我正在使用Python 2.7使用Surprise Library阅读Book-Crossings数据集。 我遇到了编码问题。 这是我的代码:
#load book_ratings dataset which contains (user-id, ISBN and book rating [0..10])
df = pd.read_csv("Desktop\ML project\BX-CSV-Dump\BX-Book-Ratings.csv", sep=';',encoding = "CP1252")
# Create the reader in the proper format
reader = Reader(line_format='user item rating', sep=';', rating_scale=(0,10))
ratings = Dataset.load_from_df(df, reader)

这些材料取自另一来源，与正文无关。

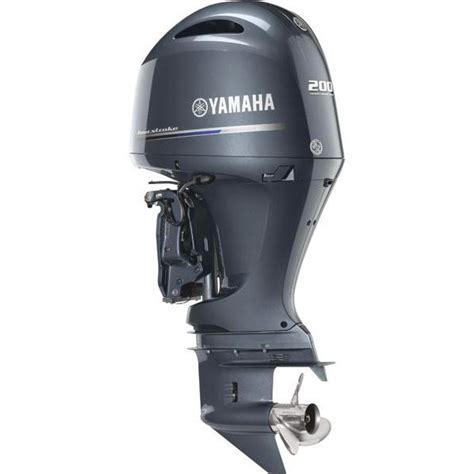 yamaha hp outboard motor    affordable prices  bulk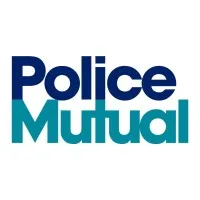 Police Mutual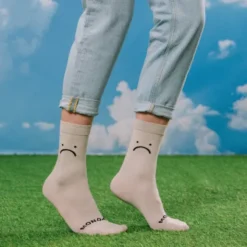 Socken 2er-Set, Monday-Friday Socks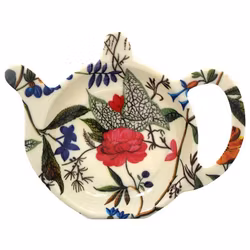 Kilburn Tea Bag Tidy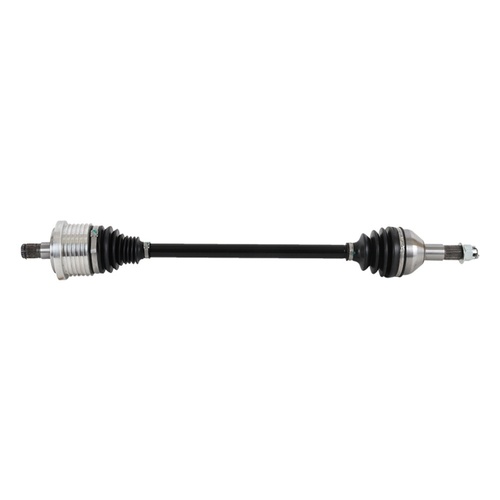 All Balls Rear Left CV Axle for Can-Am Maverick 1000 XRS 2013 to 2015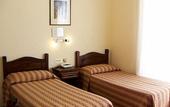 Туры в отель Hotel Priori Secret Garden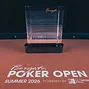 Borgata Branding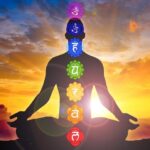 yoga & meditation india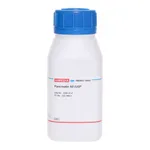 Himedia Pancreatin 4NF/USP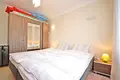Wohnung 3 zimmer  Kargıcak, Türkei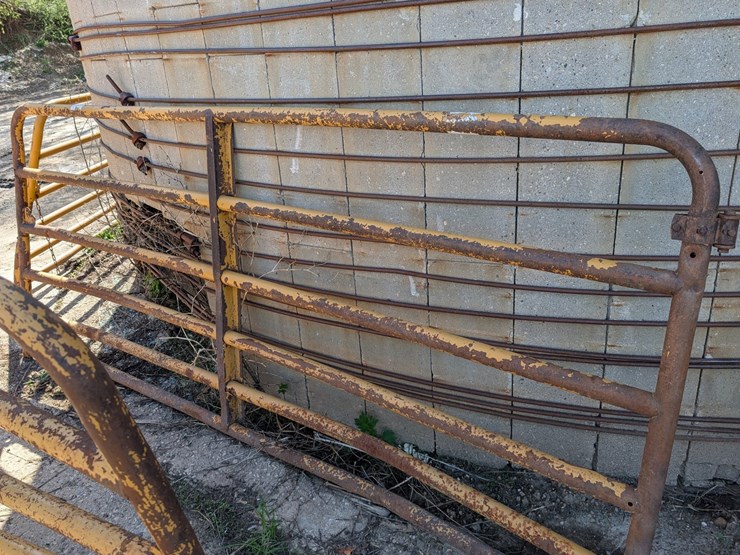 #5472-•-sioux-cattle-gates-image-5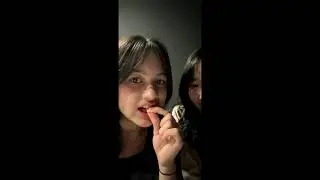 Live IDN Oline JKT48 - 18 Juli 2025 | 19.36 WIB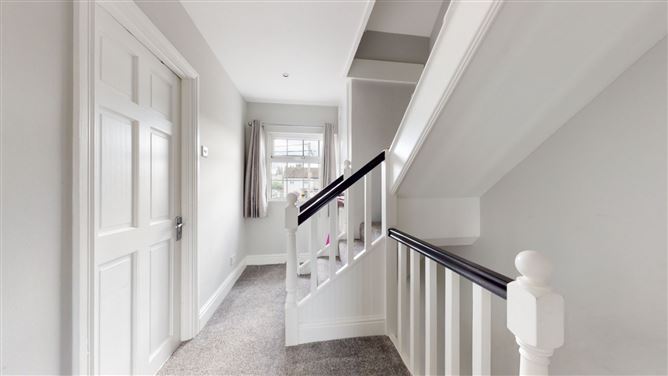 173 Pearse Road, Sallynoggin, County Dublin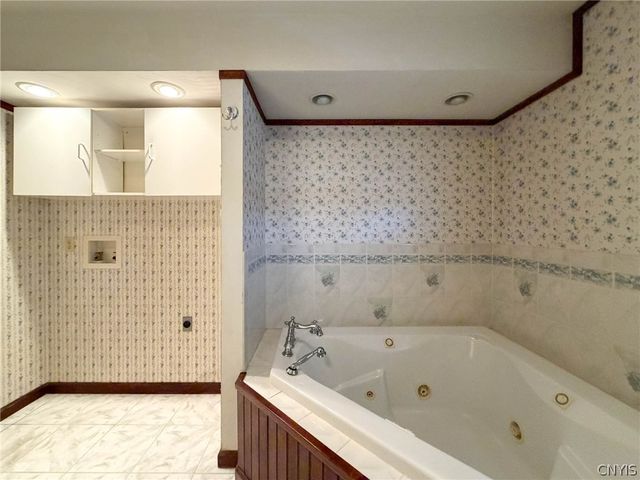 1815 School Street, Brookfield, NY 13364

# Test that surprise is working by running SVD on the dataset
ratings.split(5)
algo = SVD()
evaluate(algo, ratings, measures=['RMSE', 'MAE'])
我得到的例外:
UnicodeEncodeError Traceback (most recent call last) <ipython-input-23-03cf8b43a4db> in <module>()
9 ratings.split(5)
10 algo = SVD()
---> 11 evaluate(algo, ratings, measures=['RMSE', 'MAE'])
C:\Users\Jihed Mestiri\Anaconda2\lib\site-packages\scikit_surprise-latest-py2.7-win-amd64.egg\surprise\evaluate.pyc
in evaluate(algo, data, measures, with_dump, dump_dir, verbose)
66 # train and test algorithm. Keep all rating predictions in a list
67 algo.train(trainset)
---> 68 predictions = algo.test(testset, verbose=(verbose == 2))
69
70 # compute needed performance statistics
C:\Users\Jihed Mestiri\Anaconda2\lib\site-packages\scikit_surprise-latest-py2.7-win-amd64.egg\surprise\prediction_algorithms\algo_base.pyc
in test(self, testset, verbose)
150 r_ui_trans - self.trainset.offset,
151 verbose=verbose)
--> 152 for (uid, iid, r_ui_trans) in testset]
153 return predictions
154
C:\Users\Jihed Mestiri\Anaconda2\lib\site-packages\scikit_surprise-latest-py2.7-win-amd64.egg\surprise\prediction_algorithms\algo_base.pyc
in predict(self, uid, iid, r_ui, clip, verbose)
93 iiid = self.trainset.to_inner_iid(iid)
94 except ValueError:
---> 95 iiid = 'UKN__' + str(iid)
96
97 details = {}
UnicodeEncodeError: 'ascii' codec can't encode character u'\xe8' in position 4: ordinal not in range(128)
我尝试过其他编码代码,但它也没有用。它提供了类似的错误。